John Livengood, ESQ, AIA and William Broz, P.E., LEED A
June 25, 2010 — 904 views  

There seem to be four stages (so far) of the green building movement in the U.S. First there was Green for Green’s sake: the altruistic goal of environmental improvement. Then there was Green for Greenbacks: when it became stylish to be green and there was a market premium in selling green. After that there was Green for Red Tape: the legislative initiatives, often poorly thought out mandatory greenness. And most recently, Green seeing Red: when the liability costs associated with "failed" green efforts diminish or overwhelm the altruistic, economic or administrative reasons for going green. Not surprisingly all of these stages exist simultaneously, but recent legislative, administrative and judicial developments indicate that this last stage is growing and likely to play a more prominent role in the future. How are parties engaged in construction to best protect themselves as they advance into the green experience?

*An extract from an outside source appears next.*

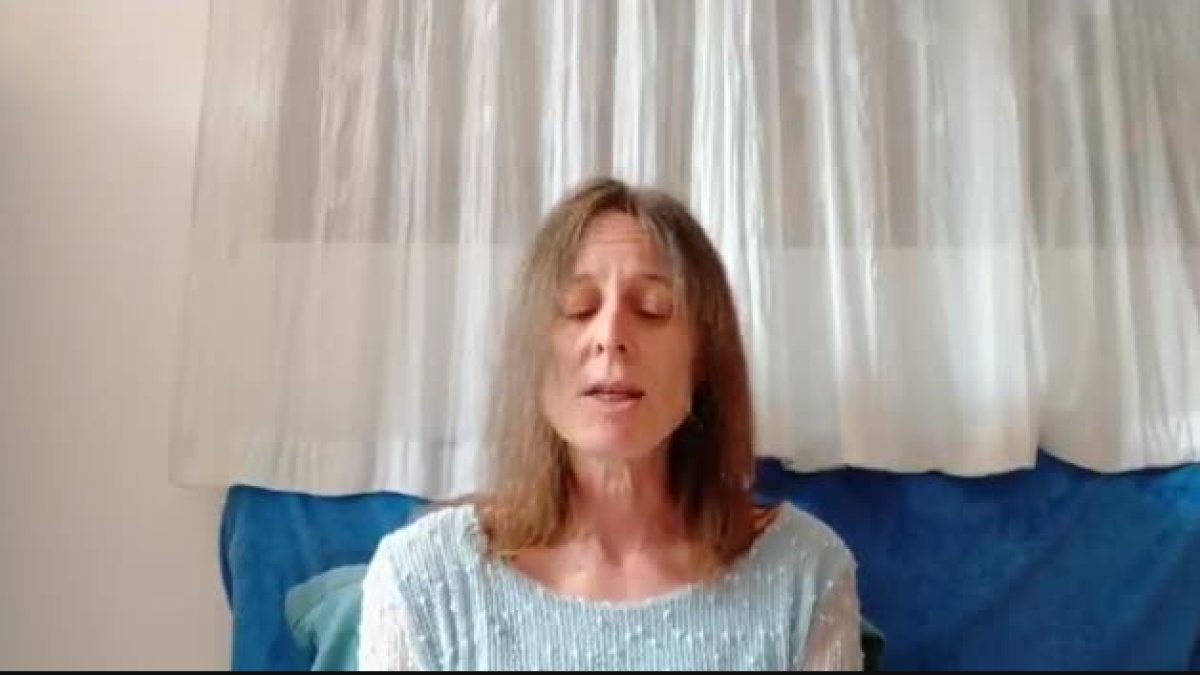 Eva Gironés llegeix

OWNER: Follow three rules to achieve your goal:

a) Hire competent professionals with appropriate and local knowledge to design and build the project;

b) Use contracts that fairly allocate risk to the owner, designer and builder; and

c) Monitor the work and be ready to modify your goals depending on events.

Competent LEED Accredited Professionals or others of comparable education and experience who have previously done the type of work required are the starting point. They need experience in green design as well as in the implementation of local administrative and legislative systems.

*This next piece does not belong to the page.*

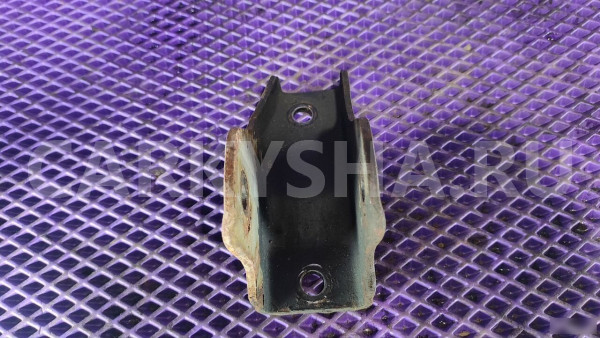 Кронштейн подушки двигателя Mitsubishi Lancer 9 Mitsubishi i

With the advent of more municipal green requirements, local knowledge is more than just building code experience—it is familiarity with the regulatory system and with local building practices.

Relations with local regulators are essential as many of these regulatory systems are poorly thought out, ambiguous and vague. Further, using builders that have built green projects before not only provides an advantage when calculating LEED credits, but also assures smoother and less expensive implementation during construction and more importantly, during commissioning of the building systems.

Contracts that unfairly allocate risk have always generated unnecessary and costly disputes. The same is true of contracts that mandate unreasonable design or construction performance. For example, many owners seek to shift the entire burden of risk for green building certification to the design professional, general contractor or both. While superficially appealing to party shedding the risk, this approach is simplistic and the wise owner will recognize that it violates one of the cardinal tenets of risk management: risk should be borne by the parties best equipped to bear it and to control the outcome of the endeavor. Certification of a green building is not completely within the control of any single member of the project team and optimal risk allocation strategies will reflect this.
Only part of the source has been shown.